Chevron Corp. is shrinking its staff from its crude-oil refining and marketing segments by more than 20% as fuel demand remains low, The Wall Street Journal reported.
Some 2,000 workers were laid off in 2009, and an equal number of layoffs are ahead this year and more are expected to continue in 2011. In 2008, Chevron, of San Ramon, Calif., had 19,000 people employed in that segment.
In January, the company announced it planned to reduce its staff, but specific figures recently emerged.
“Market conditions are likely to be difficult for the next several years,” Mike Wirth, Chevron’s executive vice president for global downstream, said in a prepared statement. “We intend to further concentrate our downstream portfolio in North America and Asia-Pacific.”
Chevron said it’s planning to ask for bids for some assets in Europe, including the Pembroke refinery in Wales. It also intends to sell its lubricants and marketing business in some parts of Central America and the Caribbean. Operations in Hawaii and Africa, outside of South Africa, will be reviewed, the Wall Street Journal reported.

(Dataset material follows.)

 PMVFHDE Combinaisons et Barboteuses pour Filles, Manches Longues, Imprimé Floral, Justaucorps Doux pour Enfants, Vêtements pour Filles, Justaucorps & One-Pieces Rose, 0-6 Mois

The company’s cost-cutting steps should give profits a needed push this year and move margins back to the double digits by 2012. In the fourth quarter of 2009, Chevron lost $613 million in its downstream segment, compared with a $2.1 billion profit during the same period in 2008.

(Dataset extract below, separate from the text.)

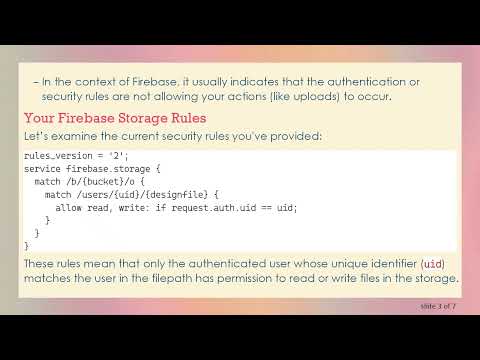Resolving Firebase Storage Error 403: Understanding Security Rules for Uploading Files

“We don’t contemplate closing refineries,” said Chevron Chief Executive John Watson. “Our refineries are competitive, but the industry conditions are difficult. Over time, we think returns will be competitive again.”
In its exploration and production segment, Chevron reported its output would grow about 1% through 2014; 4-5% from 2014 to 2017; and about 3% beyond 2017. The company reaffirmed its 2010 capital expenditure budget will be $21.6 billion, 2.7% lower than a year ago.